М-с Браун в салоне забилась в кресло и, казалось, ждала новых указаний Эвы, чтобы продолжать жить.
Митчел завтракал. Дочь его, стоя в солнечных лучах, проникавших сквозь грязные окна, наверняка рассказывала отцу, что сделала сегодня утром, а инспектор брился в это время у себя в номере.
Малуэн сидел, как в вокзальном зале ожидания. Он мог уйти: никто бы ему не помешал. Мог унести чемодан, сесть в поезд, потом в другой, приехать в любой город, зайти в любой банк и обменять банкноты.
Достаточно было протянуть руку, поднять чемодан и выйти на солнце.
Он мог даже оставить чемодан на месте, где тот, возможно, пролежал бы день-два, пока прислуге не пришло бы в голову заглянуть внутрь.
Хозяйка за конторкой говорила по телефону:
— Алло! Да, Браун. «Б» — «Бернар», «р» — «Робер»…
Она диктовала объявление слово в слово.
— Появится в вечернем выпуске?.. Скажите, пожалуйста, сколько я должна? Это для одной клиентки.
И вдруг, когда Малуэн этого не ожидал, совсем другим тоном произнесла:
— Да, господин инспектор, тот, что сидит вон там.
Малуэн встал, у него перехватило горло, и он еще раз взглянул на м-с Браун.
— Вы хотели поговорить со мной?
Неужели он так и не сумеет заговорить?

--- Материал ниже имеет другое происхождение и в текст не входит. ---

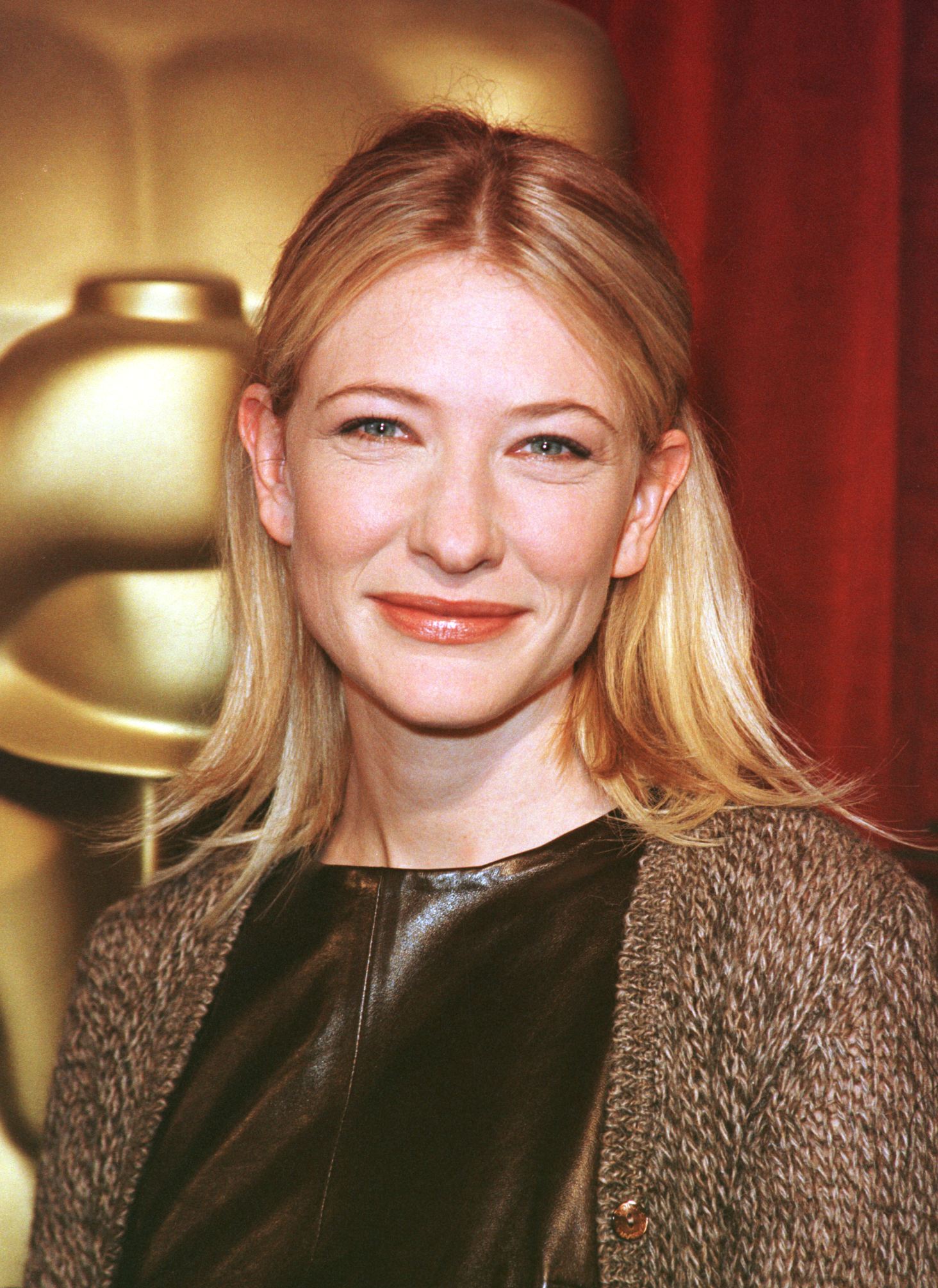 Cate Blanchett asiste al almuerzo anual de los nominados a los Oscar el 8 de marzo de 1999 | Fuente: Getty Images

Малуэн смотрел на Молиссона, губы его дрожали, он был не в состоянии произнести то, что решил сказать. Это продолжалось несколько секунд, и, чтобы покончить со всем одним разом, он рывком поднял чемодан, протянул его полицейскому и выдавил:
— Вот!
Молиссон, нахмурив брови, приоткрыл крышку и, повернувшись к столовой, спокойно позвал:
— Мистер Митчел!
Малуэн заметил, что инспектор не обрадовался, напротив, взгляд его стал жестким. Старик Митчел оставил завтрак и вслед за дочерью направился в холл.

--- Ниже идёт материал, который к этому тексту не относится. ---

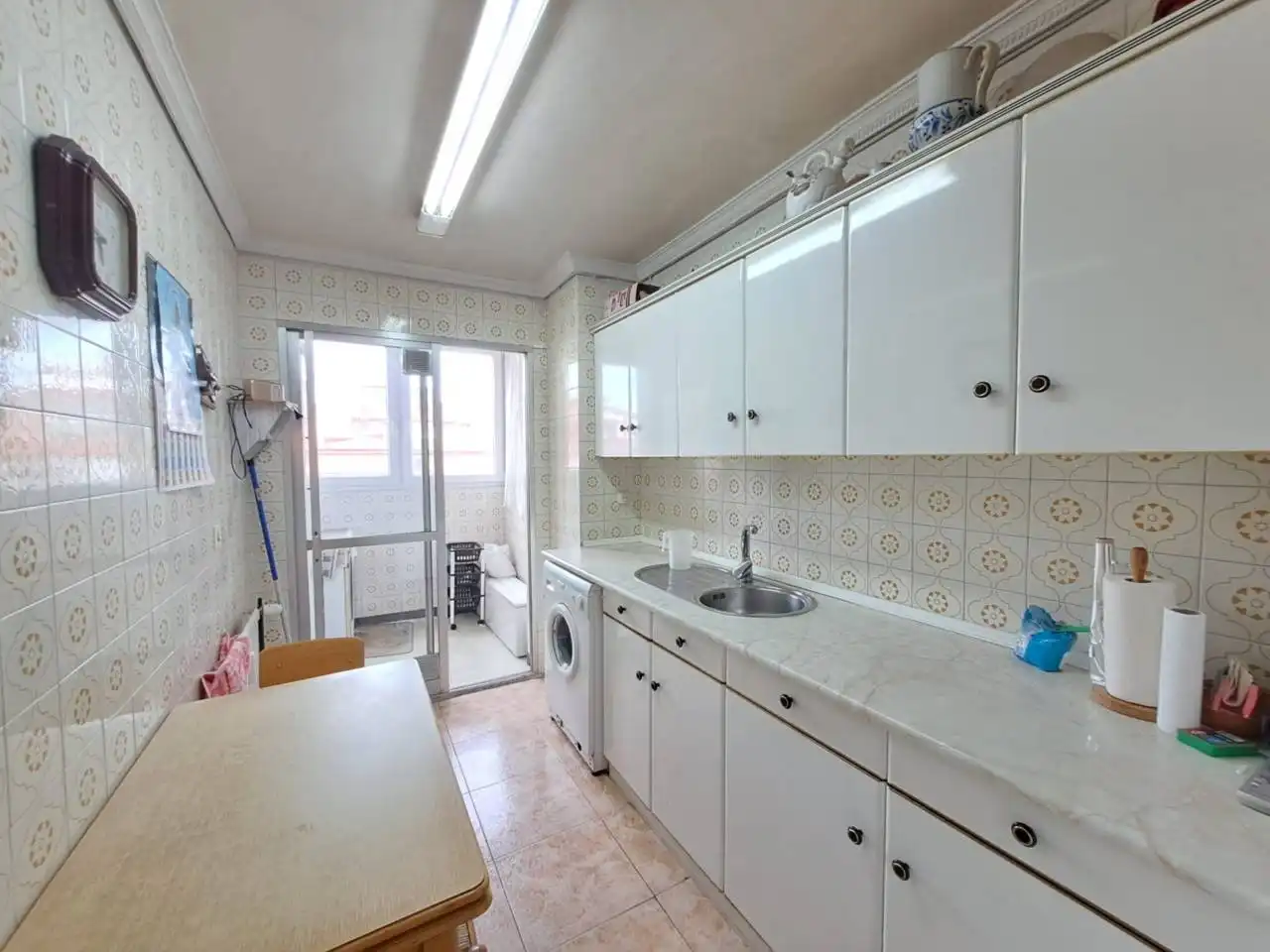 Küche von Wohnung zum Verkauf in Burgos mit Heizung und Terrasse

— Вот ваши деньги, — сказал сотрудник Ярда, указывая на чемодан.
На Митчела он не глядел, а наблюдал сквозь стекло за м-с Браун. Она, не догадываясь, что происходит, тоже смотрела на них. Проверяя содержимое чемодана, старик положил его на стол и стал неторопливо выкладывать банкноты стопками, вполголоса пересчитывая их. Эва что-то шепнула отцу на ухо. Он поднял голову, взглянул на Малуэна, взял один билет, подумав, добавил второй и протянул ему.